From Jim Starkey on the Firebird Development List 28th November 2004

The Vulcan memory manager (MemMgr.cpp) handles large and small blocks differently. Large blocks are allocated on a best fit basis, and are recombined with other free blocks on release. Small blocks, however, are cached by (rounded up) size for re-use. Like the original InterBase memory manager, the cache is managed with a vector of list heads indexed by block size divided by rounding size. In the past, the memory manager data structures have been protected by a mutex.

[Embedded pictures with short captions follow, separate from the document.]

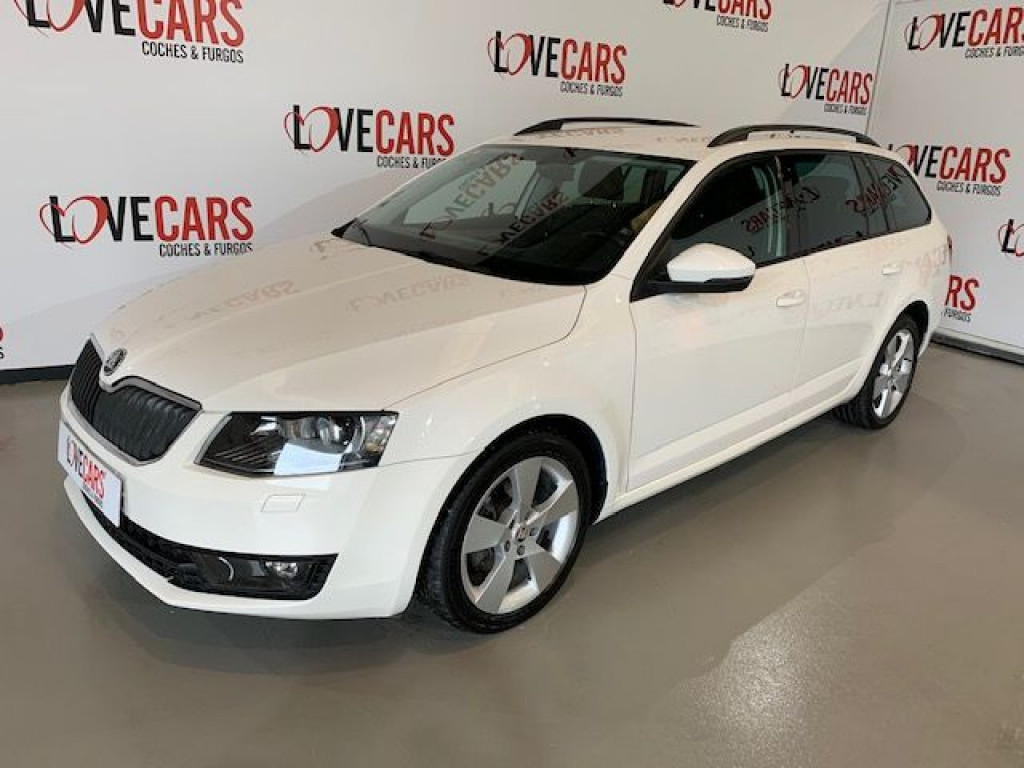 SKODA OCTAVIA COMBI 2.0 TDI S&S STYLE 150 de segunda mano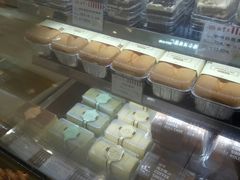 -红宝石·鲜奶小方·海派西点房(莘庄龙之梦店)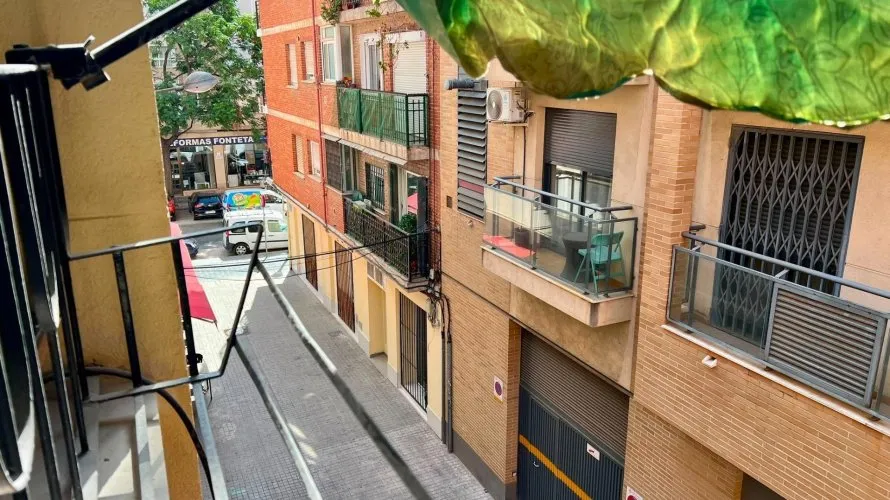 Apartamento de 2 dormitorios en Valencia, España No. 2483 № 7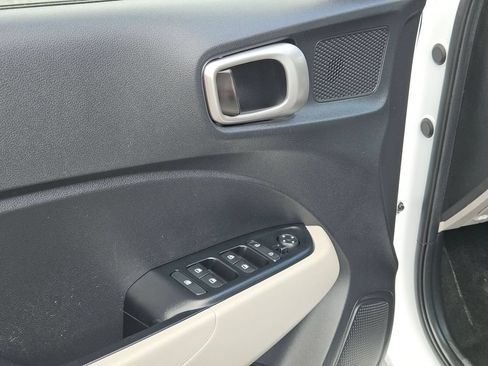 Used 2025 Hyundai Venue SEL FWD image 15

It occurred to me that the small block free block vector could be managed an interlocked compare-exchange instructions so re-allocating an available small block or releasing a small block would not require use of the mutex. This has two huge advantages. First, it is much faster, requiring a single interlocked instruction, where the fastest possible mutex implementation requires at least two. Second, it is non-blocking, meaning that a thread allocating or releasing a small block is never blocked and never blocks another thread. Since the overwhelming majority of memory allocations are for small blocks (< 4K), this has a large effect on single cpu performance and a huge effect of SMP scalability.

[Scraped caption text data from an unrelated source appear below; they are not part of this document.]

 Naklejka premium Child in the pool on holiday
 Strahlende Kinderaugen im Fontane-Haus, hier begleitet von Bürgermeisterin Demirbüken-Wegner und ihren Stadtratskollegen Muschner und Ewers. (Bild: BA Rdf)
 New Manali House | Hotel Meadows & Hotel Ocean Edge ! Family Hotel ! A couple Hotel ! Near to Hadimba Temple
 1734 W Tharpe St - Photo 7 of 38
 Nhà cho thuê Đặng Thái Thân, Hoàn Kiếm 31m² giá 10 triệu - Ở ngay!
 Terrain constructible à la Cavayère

For reference, my memory manager testbed uses a 400K series of allocations/releases captured from Netfrastructure. The testbed computes the CPU time to execute the complete sequence 10 times. Running on a 1.3GHz Athlon, WinXP, debug compile, the Firebird 2.0 memory allocator runs in 6.2 seconds, the previous Vulcan memory manager in about 1.4 seconds, and the new memory manager in about 1.1 seconds.

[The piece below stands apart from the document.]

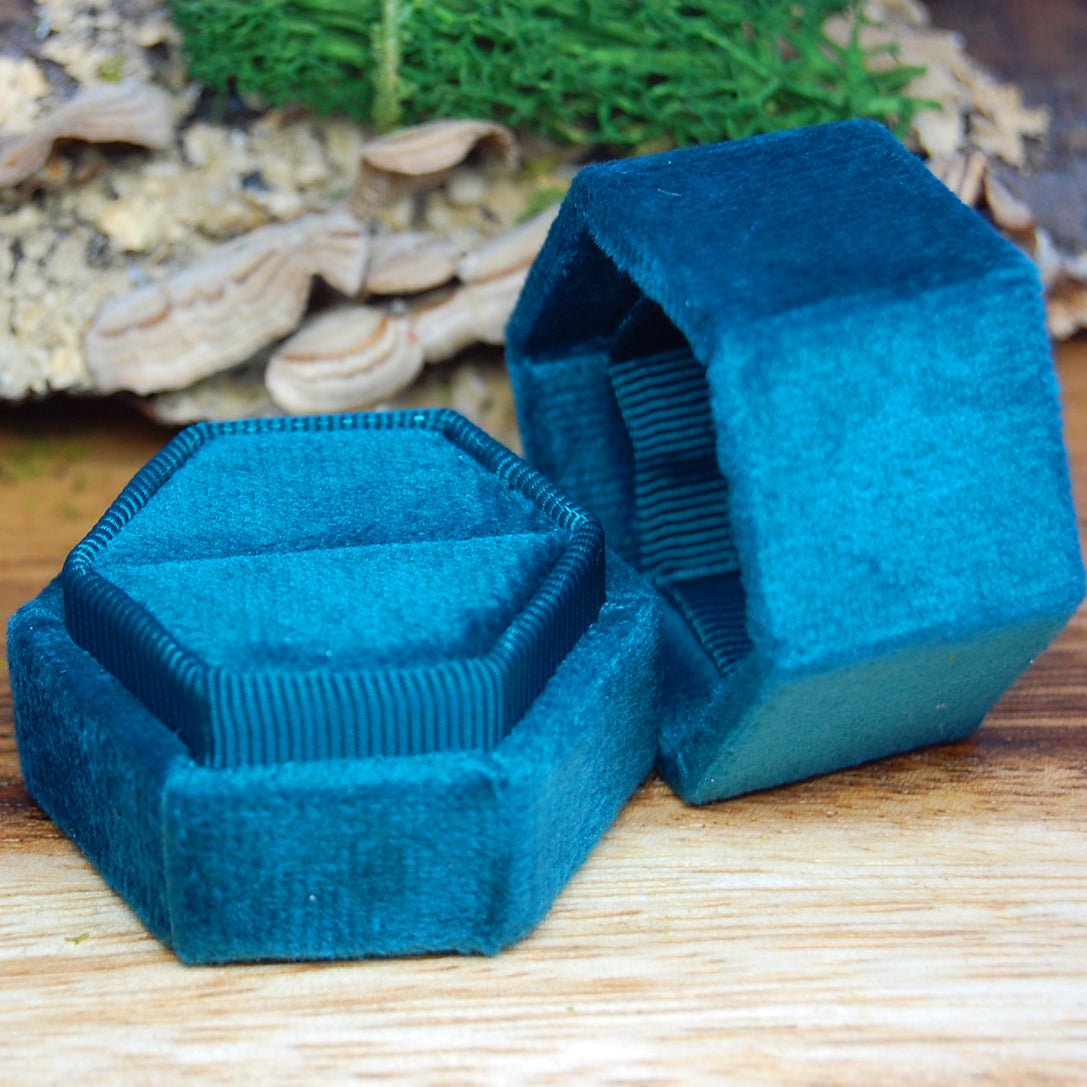 VELVET RING BOX - DARK CYAN | Ultra Soft Velvet Wedding Ring Box For 1 Ring - Minter and Richter Designs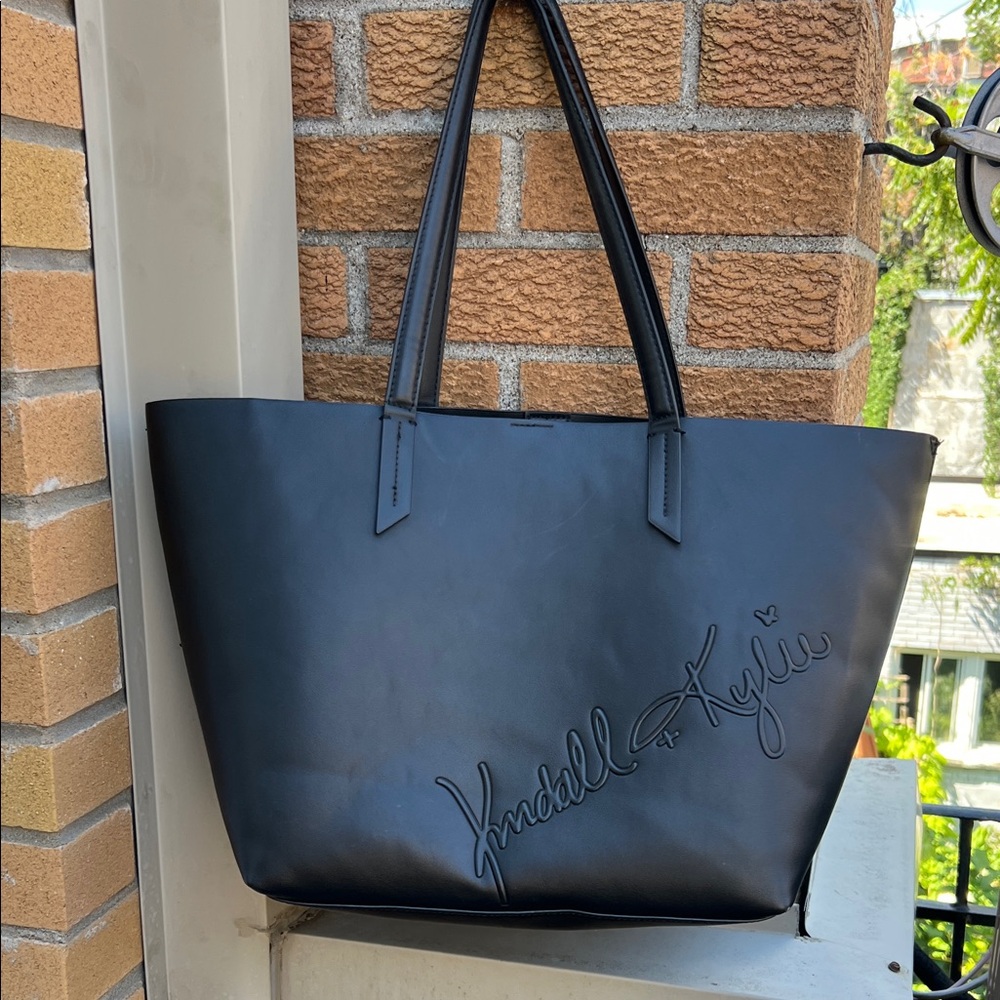 Kendall & Kylie Signature Black Tote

Compiled for release, the Firebird 2.0 memory manager runs in about 3.6 seconds and the new Vulcan memory manager in .7 seconds. This translates to an average memory allocate and release cycle of 460 nanoseconds. Since the test run include many large block allocations and initial small block allocations, the effective average memory allocate and release cycle within the long running server process will be below this number.

As an aside, this is another coffin nail in legacy Firebird pool architecture. Since Firebird doesn't normally release blocks, pool specific allocations are all initial allocations that incur the full mutex acquire and release cost. With the new memory manager, it is much cheaper to allocate and release a block from a shared pool than to just allocate it from a private pool.

I didn't expect to run into a situation where releasing memory is a CPU performance enhancement, but here it is. Given infinite memory, it is cheaper to reuse memory than to allocate memory and abandon it.